UNIVERSITY PARK, Pa. — Historically mapping the amount of water content in soil is essential to determine whether crops will flourish, wildfires will ignite or floods will destroy the land. Employing deep learning technology to existing soil moisture data can help accurately predict these moisture changes over time, according to a team of Penn State researchers.
The NASA satellite Soil Moisture Active Passive (SMAP) was launched in 2015 to measure the soil moisture near the ground surface around the world. Though not perfect, SMAP’s data has shown highly accurate results that are extremely valuable, especially to high-risk communities. However, since the data only goes back two years, it severely limits its use.
Chaopeng Shen, assistant professor of civil engineering, along with Daniel Kifer, associate professor in computer science and engineering, and graduate students Kuai Fang and Xiao Yang, have employed a deep learning technology called the Long Short-Term Memory (LSTM) network to extend SMAP’s observations over time.

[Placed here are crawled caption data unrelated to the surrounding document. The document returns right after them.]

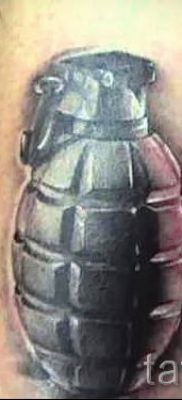 татуировка нар снимка на завършена татуировка за статия за значението на татуировка - tatufoto.ru 34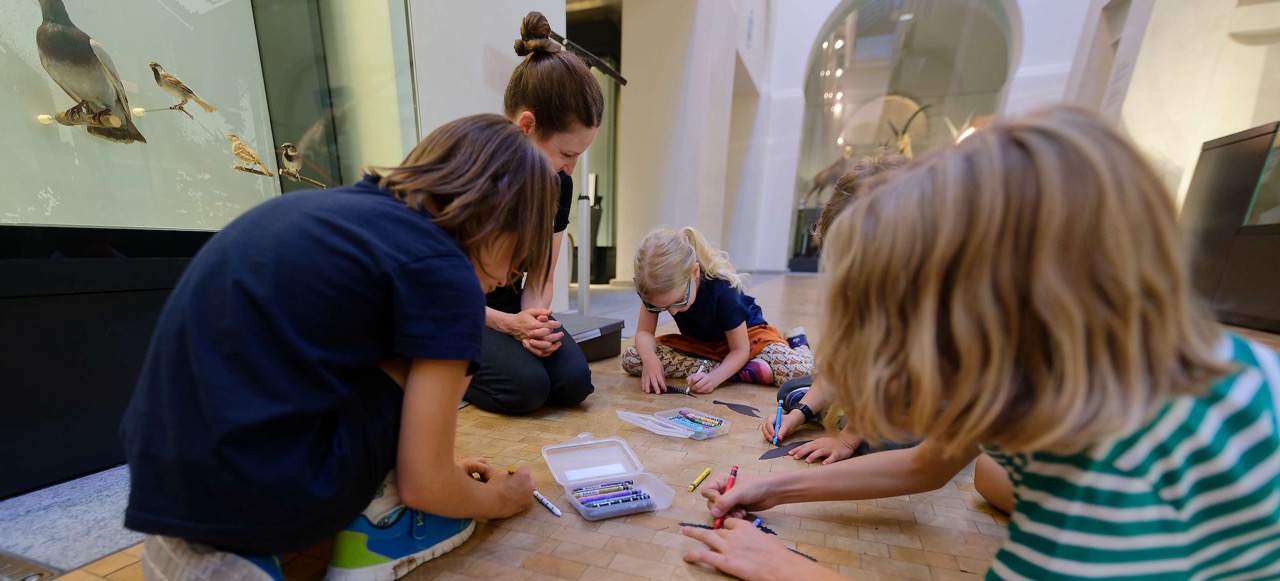 Familienworkshops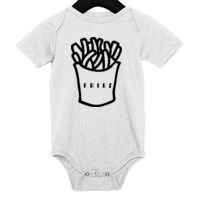 Infant Jersey Short-Sleeve One-Piece Thumbnail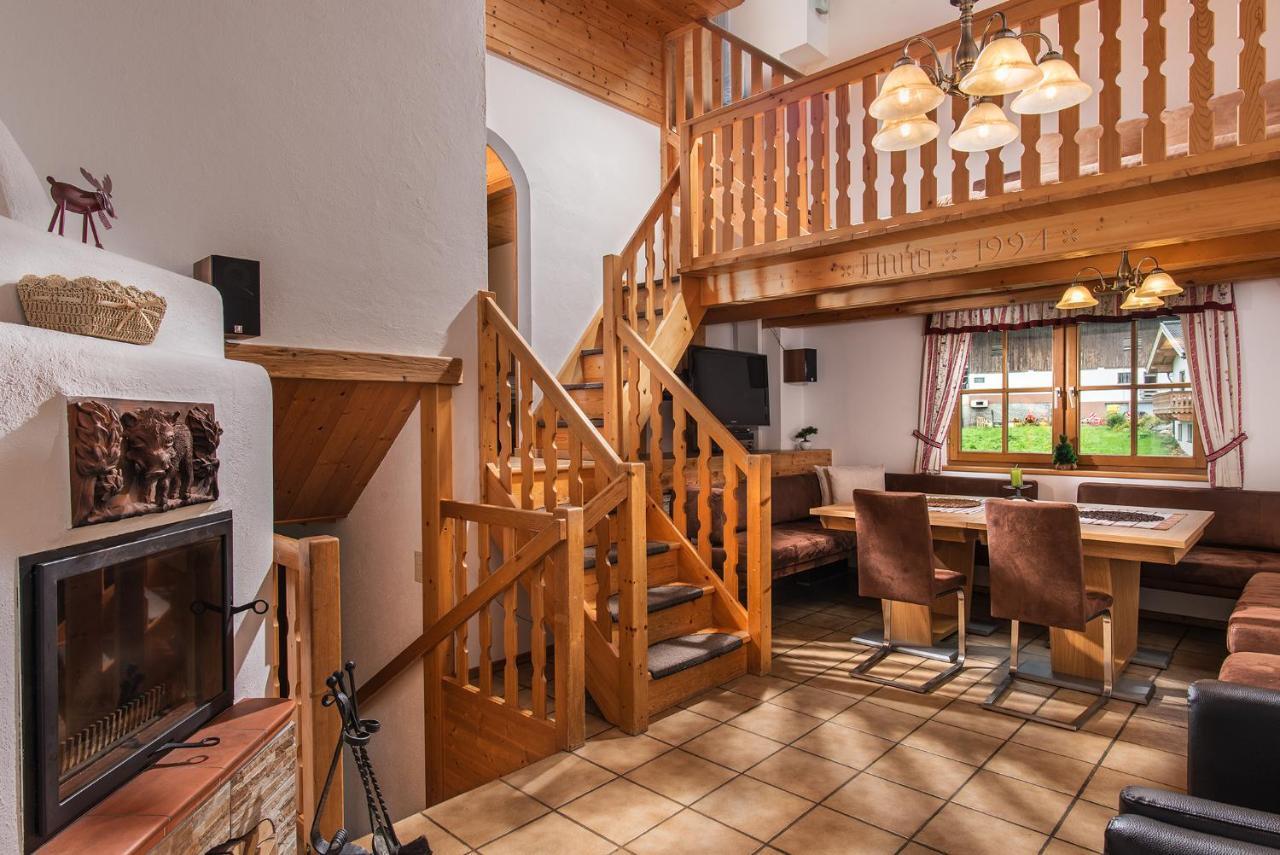 Ferienhaus "Kaprun" Экстерьер фото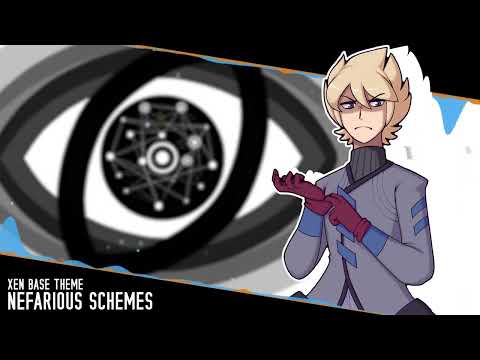 Rejuvenation V13.5 OST - Nefarious Schemes (Xen Base)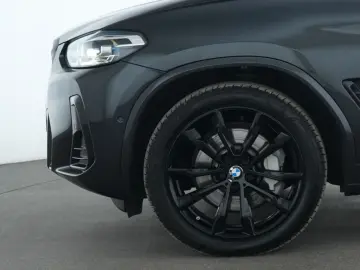 BMW X3 M-Sport CarPlay Navigation LED Kamera SHZ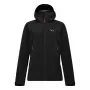 Chaqueta SALEWA Puez GTX 3L EPE mujer Black Out 38 (M)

LSTM is a building block for deep networks that can be used to learn patterns of soil moisture dynamics and is able to identify where traditional physics-based models make mistakes in charting soil moisture changes.
“Currently, if we want to look at the long-term history of how things have changed, we cannot,” Shen said. “What this deep learning method does is it learns the patterns of the past moisture dynamics. We provide the data, such as rainfall precipitation and temperature, in order to train it. Then we are able to take that trained model and run it in a time window where there is no data.”
Shen compared the technology to a newborn baby who comes into the world as a blank slate and must be taught how things work. Once the baby has consumed enough information from outside sources, it is able to start making assumptions on its own. The more it learns, the better it gets at differentiating between different situations.
The researchers trained the LSTM network by inputting historical climate data and SMAP’s satellite observations over the past two years as well as model results from physics-based models. They then tested its accuracy against a popular land surface model, which tends to underestimate moisture in wet seasons and overestimate it in dry seasons.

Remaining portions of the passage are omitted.